On the other hand, Zelazny was clear that he did NOT want Amber to continue without him but they got some guy to do it anyway. That’s bad enough, but then, rather than going forward with the (Merlin, etc) story, the guy tries to tell the Secret Origin of Amber. And really? Who cares? So…I might have tried it, had he done something interesting with the series, but between the author’s stated wishes and the fact that the doof who sharecropped the series decided to spend 3 books rehashing what Zelazny did in a few paragraphs? Who cares.
Donald Kingsbury wrote a brilliant conclusion to the Foundation saga (he didn’t get permission from the so the serial numbers were barely scraped off) but it’s SO DAMNED GOOD that as far as I’m concerned, it’s cannon. (“Psychohistorical Crisis”–or: what happens after the 1000 years is up and the Second Foundation takes over? What’s it like?)
So…it depends. Author’s wishes matter (but they’re not the be-all and end all), story quality matters a lot and story subject matters a lot (any sharecropped novel that decides to be a “prequel” will be ignored on sight)
I enjoyed 'em. Well, okay, I enjoyed two out of the three. The first and third books were quite good, almost up to Zelazny’s standards. The middle book was a slow, weary, dreary drag. Hell, it too the protagonist nearly 100 pages just to get up out of bed in the morning!
I thought it worked, overall. The “new family” of brothers and sisters was pretty nicely in sync with Zelazny’s descriptions and pacing and love of double-cross intrigue. He sets you up to like certain characters…who turn out to be finks. He sets you up to dislike others…who surprise you by acting heroically.
Just like Zelazny!
If there were to be more of these…I’d read 'em!
BTW, has anyone written subsequent “John Carter of Mars” books?
(ETA: Philip Jose Farmer’s “The Wind Whales of Ishmael” was pretty clearly a “Barsoom” book. And Jack Vance’s “Tschai: Planet of Adventure” quadrology had a lot of Barsoom in it.)
Only one book had the alcoholism angle. It just seems like a bigger element of the story because of the decade or so of not releasing any further books.
Once Asprin came back, the books he wrote (particularly the Dragon books) were quite good.

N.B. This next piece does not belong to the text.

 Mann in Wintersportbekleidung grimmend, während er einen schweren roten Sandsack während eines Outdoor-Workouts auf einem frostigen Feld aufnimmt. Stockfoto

There was a shared universe boom back in the 80s when I was still a kid. Exposure to various different authors writing in the same basic setting, even using each others’ characters at times, was ample demonstration that I like certain people’s writing, not necessarily the settings, characters, systems of magic, etc. Some authors I like don’t necessarily play well with others, as I’ve discovered when reading collaborations.
Ghost-written stuff may have fooled me, but if so, I’ve never found out about it after the fact without previously feeling something “off” about the writing. For example, years before I ever knew anything about Asprin’s private life, pre-internet, I saw a change in the writing after Myth-Nomers and Im-Pervections. The previous M.Y.T.H. Inc. Link didn’t really feel like his writing either, as it was a drastic POV departure from other books in the series. He explained it as a style challenge, but I think he may have been trying out an early collaboration with a contributing author (probably Nye). No proof though.

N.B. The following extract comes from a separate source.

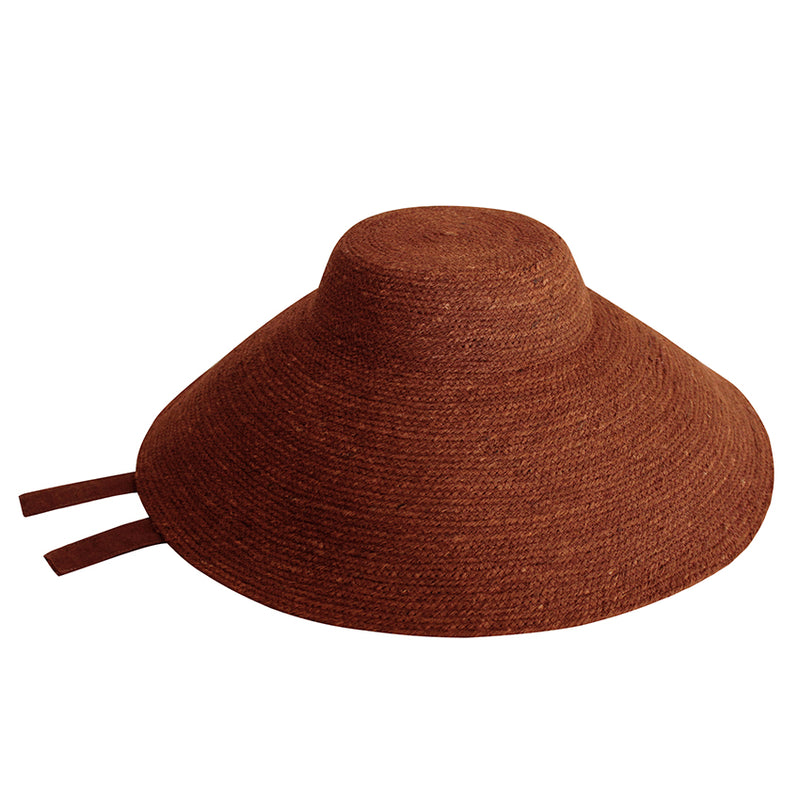 Reign Jute Beach Hat in Burnt Sienna. REIGN is a classic multi-functional hat with downturned brim made with natural jute straw and modern structural shape. This hat was made to accompany you from the great outdoors to chic dinner and anywhere you travel in between.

I can’t get too mad about subsequent authors, since some of the greatest characters were written by the worst authors (Robert E. Howard? Arthur Conan Doyle? Edgar Rice Burroughs? Does anyone ACTUALLY prefer Ian Fleming to John Gardner?). Regarding Conan, Steve Gerber in an interview once said that Roy Thomas’s Marvel Comics adaptations were undeniably superior to Robert E. Howard’s original stories, so maybe comics do have some kind of literary quality.
Also worth considering: Mike Lenehan ==> Dave Kehr ==>Ed Zotti…
Going back a few years, I thought Ruth Plumly Thompson did a fine job of writing more Oz books after L Frank Baum died.
In general, I think my attitude would be “why not, I’ll give it a shot”. If it’s bad, I’ll stop reading. If it’s good, I’ll keep reading. Why be a purist?
(Answer to the OP’s question: ) Mostly, no, for reasons similar to those others have given:
And I’ll add:
Continuing some other author’s series seems like such a “hack-ish” thing to do. There are enough good authors writing—why waste my time with the work of hacks. And…
I can’t help feeling that what the original author wrote describes what really happened; while any subsequent writer who continues the series is just making stuff up about those characters, not telling us what they really did.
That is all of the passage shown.